Yeats had been as a youngster introduced by his father John, himself a Pre-Raphaelite artist, to the paintings of the Pre-Raphaelites, the romantic imagery of which stood then as a rebellion against the encroachments of modernism and industrialism. Having lived in England as a child twenty years before, Yeats was now struck by how much had radically changed under the impress of “progress.” The modern era had even impacted upon the aesthetic of Yeats’ own family, writing of how his father now made his living, and also alluding to the changes being wrought by modernism in art:

It was a perpetual bewilderment that my father, who had begun life as a Pre-Raphaelite painter, now painted portraits of the first comer, children selling newspapers, or a consumptive girl with a basket of fish upon her head, and that when, moved perhaps by memory of his youth, he chose some theme from poetic tradition, he would soon weary and leave it unfinished. I had seen the change coming bit by bit and its defence elaborated by young men fresh from the Paris art-schools. ‘We must paint what is in front of us,’ or ‘A man must be of his own time,’ they would say, and if I spoke of Blake or Rossetti they would point out his bad drawing and tell me to admire Carolus Duran and Bastien-Lepage. Then, too, they were very ignorant men; they read nothing, for nothing mattered but “Knowing how to paint,” being in reaction against a generation that seemed to have wasted its time upon so many things.

For Yeats the mystical was the basis of both his poetry and his political ideas. He was particularly interested in the Irish mystical tradition and folklore. He saw the peasantry and rural values as being necessary to revive against the onslaught of materialism.

Additionally, the “occult” provided a literally hidden culture that was above and beyond the crassness of democracy, of the herd, and of material existence, hence its being termed the “Royal Art,” where again, as in traditional societies over the course of millennia, a priestly caste, at the apex of a hierarchical society, served as the nexus between the terrestrial and the divine, serving as that axis around which High Culture revolves.

Yeats’ poetry was intended as an expression of these symbols of the unconscious and the archetypal. This resurgence of these age-long memories required a “revolt of soul against intellect now beginning in the world.” What is here called “intellect” was the advance of rationalism, scientism, and Enlightenment doctrines that had destroyed man’s nexus with the divine embodied in traditions and hierarchical social orders, and which has repressed man’s spiritual nature in favor of the crassly material.

Yeats, like D. H. Lawrence, Ezra Pound, et al., was particularly concerned that commercialism would mean the pushing down of cultural values in the pursuit of profit rather than artistic excellence. Hence, he called for a revival of aristocratic values. He lamented that, “the mere multitude is everywhere with its empty photographic eyes. A declaration of war on the masses by higher men is called for. Everywhere the mediocre are coming in order to make themselves master.”

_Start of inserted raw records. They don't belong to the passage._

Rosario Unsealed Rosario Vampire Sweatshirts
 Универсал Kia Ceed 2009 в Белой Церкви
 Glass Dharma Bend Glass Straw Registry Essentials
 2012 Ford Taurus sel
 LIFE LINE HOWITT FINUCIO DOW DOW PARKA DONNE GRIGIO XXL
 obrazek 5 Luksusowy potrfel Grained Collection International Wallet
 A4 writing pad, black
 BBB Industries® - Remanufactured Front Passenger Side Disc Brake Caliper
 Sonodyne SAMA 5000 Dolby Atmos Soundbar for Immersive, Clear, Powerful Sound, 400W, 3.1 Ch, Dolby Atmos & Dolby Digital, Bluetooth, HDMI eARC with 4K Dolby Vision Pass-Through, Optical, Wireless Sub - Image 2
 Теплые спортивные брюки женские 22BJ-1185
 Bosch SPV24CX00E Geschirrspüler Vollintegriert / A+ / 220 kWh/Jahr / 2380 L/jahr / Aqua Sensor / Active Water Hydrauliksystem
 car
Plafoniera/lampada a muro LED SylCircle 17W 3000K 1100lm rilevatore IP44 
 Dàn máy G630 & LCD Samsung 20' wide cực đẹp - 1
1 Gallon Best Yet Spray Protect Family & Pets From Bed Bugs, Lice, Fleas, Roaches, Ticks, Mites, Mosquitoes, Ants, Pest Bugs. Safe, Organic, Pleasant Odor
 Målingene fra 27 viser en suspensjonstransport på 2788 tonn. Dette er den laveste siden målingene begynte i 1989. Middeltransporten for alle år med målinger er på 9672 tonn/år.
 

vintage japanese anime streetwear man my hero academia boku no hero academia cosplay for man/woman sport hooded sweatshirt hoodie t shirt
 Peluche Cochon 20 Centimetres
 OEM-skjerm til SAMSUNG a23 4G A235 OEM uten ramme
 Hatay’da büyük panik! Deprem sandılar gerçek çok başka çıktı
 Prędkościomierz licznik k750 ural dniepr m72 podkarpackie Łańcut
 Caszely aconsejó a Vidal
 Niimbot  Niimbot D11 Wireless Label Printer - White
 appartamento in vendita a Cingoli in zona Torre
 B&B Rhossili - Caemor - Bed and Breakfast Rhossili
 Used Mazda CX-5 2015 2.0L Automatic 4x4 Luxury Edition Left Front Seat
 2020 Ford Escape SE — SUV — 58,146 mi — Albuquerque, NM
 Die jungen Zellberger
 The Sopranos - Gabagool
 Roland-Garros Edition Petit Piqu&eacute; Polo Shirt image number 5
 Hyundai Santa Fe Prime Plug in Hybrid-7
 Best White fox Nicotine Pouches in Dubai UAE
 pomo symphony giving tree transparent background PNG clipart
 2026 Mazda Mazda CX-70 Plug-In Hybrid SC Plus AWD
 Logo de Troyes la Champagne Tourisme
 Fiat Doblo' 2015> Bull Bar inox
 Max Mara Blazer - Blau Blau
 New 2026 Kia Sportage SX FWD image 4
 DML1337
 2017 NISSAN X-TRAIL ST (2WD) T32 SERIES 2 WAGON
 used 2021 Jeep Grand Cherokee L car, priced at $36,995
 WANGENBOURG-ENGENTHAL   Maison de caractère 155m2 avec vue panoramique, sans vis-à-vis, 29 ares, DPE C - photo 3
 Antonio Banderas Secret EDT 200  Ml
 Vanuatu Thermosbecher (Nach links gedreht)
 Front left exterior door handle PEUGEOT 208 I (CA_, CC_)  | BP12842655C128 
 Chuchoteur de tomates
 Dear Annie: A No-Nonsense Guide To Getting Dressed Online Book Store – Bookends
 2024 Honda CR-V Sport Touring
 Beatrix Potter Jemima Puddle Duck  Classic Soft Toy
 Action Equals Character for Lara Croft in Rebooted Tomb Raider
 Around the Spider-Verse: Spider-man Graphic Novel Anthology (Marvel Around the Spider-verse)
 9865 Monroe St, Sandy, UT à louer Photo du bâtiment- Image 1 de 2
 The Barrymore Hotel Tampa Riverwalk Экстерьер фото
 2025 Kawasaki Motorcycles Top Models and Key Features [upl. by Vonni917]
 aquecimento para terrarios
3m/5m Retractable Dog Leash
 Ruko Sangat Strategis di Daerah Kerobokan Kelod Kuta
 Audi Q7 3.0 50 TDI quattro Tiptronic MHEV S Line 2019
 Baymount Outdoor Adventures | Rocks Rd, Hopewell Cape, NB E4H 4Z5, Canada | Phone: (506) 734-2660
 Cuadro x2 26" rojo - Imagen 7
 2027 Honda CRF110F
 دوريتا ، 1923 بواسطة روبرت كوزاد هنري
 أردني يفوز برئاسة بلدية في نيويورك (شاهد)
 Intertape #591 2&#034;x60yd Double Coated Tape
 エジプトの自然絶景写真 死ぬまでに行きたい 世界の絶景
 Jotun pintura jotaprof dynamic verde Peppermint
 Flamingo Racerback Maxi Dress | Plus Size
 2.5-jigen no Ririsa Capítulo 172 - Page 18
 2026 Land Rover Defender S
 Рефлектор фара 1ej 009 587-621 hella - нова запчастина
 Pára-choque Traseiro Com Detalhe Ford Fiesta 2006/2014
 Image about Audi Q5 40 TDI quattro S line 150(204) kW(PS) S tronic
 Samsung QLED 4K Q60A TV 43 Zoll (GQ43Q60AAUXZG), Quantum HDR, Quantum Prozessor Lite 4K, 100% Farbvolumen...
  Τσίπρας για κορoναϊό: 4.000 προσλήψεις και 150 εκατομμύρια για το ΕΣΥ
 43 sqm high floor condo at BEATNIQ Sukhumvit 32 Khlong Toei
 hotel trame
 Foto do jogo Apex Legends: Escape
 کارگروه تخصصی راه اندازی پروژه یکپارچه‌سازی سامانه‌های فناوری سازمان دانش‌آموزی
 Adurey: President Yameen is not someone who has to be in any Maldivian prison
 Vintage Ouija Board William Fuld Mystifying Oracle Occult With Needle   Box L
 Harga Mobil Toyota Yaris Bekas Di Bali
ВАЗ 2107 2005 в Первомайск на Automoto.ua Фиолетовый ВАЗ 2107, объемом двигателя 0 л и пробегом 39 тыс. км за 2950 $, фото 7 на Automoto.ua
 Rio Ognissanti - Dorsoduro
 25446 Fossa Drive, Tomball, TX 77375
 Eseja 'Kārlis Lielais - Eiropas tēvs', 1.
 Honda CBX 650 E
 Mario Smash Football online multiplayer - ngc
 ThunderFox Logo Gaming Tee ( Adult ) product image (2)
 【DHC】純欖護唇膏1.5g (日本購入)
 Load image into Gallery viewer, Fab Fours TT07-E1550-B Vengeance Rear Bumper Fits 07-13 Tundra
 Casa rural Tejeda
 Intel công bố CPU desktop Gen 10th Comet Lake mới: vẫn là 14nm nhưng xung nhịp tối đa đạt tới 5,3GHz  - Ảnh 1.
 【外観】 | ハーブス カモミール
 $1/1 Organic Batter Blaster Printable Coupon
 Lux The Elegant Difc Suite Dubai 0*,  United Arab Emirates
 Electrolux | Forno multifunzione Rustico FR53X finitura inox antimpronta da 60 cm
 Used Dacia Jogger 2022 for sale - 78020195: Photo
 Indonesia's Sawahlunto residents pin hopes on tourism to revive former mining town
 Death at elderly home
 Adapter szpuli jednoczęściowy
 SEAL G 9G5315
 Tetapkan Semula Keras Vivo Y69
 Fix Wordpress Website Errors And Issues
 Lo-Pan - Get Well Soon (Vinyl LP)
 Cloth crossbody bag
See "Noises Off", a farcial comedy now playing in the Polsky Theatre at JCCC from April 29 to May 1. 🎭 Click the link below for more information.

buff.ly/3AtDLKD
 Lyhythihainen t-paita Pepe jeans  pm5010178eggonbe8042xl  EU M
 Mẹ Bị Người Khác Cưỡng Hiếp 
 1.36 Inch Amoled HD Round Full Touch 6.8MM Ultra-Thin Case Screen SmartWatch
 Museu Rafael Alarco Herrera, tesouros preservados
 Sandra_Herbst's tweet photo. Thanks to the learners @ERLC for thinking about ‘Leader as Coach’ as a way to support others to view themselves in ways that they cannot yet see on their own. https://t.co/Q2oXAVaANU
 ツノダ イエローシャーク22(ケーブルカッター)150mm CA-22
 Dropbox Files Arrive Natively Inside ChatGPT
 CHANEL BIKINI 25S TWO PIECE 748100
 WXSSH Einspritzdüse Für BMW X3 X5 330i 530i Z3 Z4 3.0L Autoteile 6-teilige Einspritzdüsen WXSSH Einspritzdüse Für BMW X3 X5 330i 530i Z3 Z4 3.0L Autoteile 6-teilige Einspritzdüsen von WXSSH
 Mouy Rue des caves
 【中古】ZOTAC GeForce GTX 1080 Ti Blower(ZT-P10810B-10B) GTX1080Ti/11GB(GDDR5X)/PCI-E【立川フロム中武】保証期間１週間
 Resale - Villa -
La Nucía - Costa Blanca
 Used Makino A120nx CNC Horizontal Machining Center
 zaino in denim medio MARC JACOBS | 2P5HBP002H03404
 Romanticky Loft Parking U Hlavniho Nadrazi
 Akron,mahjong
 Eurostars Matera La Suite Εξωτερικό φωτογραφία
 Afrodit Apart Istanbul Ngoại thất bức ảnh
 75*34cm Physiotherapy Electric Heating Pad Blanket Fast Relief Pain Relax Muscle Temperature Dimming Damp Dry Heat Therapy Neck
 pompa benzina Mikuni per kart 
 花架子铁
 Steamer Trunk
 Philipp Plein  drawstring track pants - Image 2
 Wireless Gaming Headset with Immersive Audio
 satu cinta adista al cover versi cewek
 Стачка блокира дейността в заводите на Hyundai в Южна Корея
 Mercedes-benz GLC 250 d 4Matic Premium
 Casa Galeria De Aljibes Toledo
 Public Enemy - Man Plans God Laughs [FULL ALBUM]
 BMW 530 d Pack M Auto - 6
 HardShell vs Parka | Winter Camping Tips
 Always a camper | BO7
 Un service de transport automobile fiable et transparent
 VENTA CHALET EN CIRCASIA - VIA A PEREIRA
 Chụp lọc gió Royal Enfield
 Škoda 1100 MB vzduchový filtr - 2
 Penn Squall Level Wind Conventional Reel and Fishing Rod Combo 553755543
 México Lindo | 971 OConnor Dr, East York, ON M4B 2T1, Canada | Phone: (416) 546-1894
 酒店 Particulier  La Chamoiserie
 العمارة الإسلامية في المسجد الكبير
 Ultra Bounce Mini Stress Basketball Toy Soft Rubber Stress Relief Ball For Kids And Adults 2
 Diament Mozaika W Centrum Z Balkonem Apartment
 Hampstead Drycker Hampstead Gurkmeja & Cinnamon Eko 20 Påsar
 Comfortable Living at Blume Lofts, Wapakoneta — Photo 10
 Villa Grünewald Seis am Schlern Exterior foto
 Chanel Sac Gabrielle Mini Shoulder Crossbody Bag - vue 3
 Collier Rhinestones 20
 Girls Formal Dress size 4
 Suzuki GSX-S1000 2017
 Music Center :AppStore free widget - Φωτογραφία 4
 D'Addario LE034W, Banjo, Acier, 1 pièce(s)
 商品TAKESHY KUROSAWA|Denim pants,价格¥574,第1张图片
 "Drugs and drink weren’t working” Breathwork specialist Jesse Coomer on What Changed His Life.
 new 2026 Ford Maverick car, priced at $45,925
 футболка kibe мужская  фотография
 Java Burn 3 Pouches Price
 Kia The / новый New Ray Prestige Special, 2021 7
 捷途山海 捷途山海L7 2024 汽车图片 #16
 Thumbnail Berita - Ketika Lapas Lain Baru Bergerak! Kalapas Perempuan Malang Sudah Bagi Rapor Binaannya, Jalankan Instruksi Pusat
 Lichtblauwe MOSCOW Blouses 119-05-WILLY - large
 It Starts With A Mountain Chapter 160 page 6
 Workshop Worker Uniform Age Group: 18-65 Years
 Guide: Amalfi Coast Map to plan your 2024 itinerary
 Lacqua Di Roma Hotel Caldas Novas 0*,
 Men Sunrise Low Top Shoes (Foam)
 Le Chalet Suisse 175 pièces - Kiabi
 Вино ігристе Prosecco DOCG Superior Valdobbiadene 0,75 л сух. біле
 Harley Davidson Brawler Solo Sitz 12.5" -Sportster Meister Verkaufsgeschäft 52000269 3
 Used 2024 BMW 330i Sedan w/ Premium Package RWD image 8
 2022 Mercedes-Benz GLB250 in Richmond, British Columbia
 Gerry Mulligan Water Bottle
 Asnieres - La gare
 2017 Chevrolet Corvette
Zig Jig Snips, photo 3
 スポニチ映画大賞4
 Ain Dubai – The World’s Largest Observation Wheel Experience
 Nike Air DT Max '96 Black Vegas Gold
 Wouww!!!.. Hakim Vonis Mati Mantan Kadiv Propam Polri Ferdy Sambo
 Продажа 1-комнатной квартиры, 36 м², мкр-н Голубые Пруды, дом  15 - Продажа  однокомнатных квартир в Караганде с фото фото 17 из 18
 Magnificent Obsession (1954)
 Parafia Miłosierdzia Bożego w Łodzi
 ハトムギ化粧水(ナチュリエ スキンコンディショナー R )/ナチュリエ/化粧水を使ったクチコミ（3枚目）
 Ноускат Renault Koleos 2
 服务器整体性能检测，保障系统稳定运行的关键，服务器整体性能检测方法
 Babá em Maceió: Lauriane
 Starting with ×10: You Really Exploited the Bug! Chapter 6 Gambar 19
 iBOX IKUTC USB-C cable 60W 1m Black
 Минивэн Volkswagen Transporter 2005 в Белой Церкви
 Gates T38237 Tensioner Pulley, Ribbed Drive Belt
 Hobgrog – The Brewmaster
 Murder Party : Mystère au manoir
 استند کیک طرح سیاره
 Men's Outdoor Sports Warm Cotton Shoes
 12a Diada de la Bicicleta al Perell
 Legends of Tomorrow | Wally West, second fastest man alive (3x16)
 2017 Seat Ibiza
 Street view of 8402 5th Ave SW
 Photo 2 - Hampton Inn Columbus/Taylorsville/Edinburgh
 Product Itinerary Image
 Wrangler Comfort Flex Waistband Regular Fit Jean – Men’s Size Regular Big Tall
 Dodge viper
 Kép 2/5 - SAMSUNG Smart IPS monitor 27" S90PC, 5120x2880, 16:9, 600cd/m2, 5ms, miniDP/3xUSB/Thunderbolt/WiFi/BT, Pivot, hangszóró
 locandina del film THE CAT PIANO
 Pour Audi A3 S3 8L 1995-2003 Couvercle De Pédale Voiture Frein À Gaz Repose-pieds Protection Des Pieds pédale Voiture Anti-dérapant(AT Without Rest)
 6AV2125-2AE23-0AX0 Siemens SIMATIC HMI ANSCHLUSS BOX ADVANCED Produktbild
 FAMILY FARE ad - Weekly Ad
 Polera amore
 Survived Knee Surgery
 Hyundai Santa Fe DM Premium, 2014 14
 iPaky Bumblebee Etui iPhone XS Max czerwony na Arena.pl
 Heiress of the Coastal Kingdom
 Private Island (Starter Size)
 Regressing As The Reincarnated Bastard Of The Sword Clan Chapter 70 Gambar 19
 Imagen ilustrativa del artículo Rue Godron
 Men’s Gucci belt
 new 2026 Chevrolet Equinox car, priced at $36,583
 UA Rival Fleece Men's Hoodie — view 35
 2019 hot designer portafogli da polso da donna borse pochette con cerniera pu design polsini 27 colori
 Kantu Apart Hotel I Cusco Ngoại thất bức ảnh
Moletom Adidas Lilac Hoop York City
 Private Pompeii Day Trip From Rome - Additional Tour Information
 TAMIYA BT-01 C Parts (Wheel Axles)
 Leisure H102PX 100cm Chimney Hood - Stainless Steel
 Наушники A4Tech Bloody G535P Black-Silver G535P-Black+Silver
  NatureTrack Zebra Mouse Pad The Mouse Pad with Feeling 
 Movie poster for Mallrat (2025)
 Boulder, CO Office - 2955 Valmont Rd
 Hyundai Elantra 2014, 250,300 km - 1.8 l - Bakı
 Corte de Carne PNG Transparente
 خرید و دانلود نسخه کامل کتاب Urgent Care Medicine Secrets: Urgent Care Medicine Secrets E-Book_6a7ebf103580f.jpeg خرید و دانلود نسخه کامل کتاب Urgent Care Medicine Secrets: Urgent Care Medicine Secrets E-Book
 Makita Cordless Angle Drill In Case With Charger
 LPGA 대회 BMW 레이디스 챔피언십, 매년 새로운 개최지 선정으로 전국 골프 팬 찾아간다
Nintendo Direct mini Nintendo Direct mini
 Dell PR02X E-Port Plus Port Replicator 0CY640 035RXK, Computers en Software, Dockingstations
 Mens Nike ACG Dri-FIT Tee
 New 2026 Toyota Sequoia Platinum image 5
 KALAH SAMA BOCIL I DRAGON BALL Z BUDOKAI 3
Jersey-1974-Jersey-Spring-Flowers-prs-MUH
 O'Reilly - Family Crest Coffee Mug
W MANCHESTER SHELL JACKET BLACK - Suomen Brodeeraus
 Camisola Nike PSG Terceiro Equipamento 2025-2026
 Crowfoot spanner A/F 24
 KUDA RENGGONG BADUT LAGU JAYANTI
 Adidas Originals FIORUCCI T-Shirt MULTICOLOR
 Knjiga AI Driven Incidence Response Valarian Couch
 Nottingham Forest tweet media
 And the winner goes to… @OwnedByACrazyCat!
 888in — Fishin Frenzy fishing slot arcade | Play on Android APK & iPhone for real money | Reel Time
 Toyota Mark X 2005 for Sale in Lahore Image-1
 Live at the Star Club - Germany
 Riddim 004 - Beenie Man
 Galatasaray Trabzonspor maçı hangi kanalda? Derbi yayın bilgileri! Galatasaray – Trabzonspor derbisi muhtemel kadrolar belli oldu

His appeal was to the artist and to the individual of taste and culture for, as Nietzsche had pointed out, culture is the faculty that distinguishes the human from other organisms. In this spirit, Yeats applauded Nietzsche’s philosophy as “a counteractive to the spread of democratic vulgarity.”

Yeats’ keen sense of historical context is reflected in “The Curse of Cromwell.” Here he identifies the English Revolution as what we can see as the inauguration of the cycle of “Money over Blood,” in Spenglerian terms: the victory of the merchant class over the traditional order, which was to be re-reenacted in the French Revolution. The Bolshevik Revolution was of the same spirit of money against blood, of the materialistic against the spirit and culture.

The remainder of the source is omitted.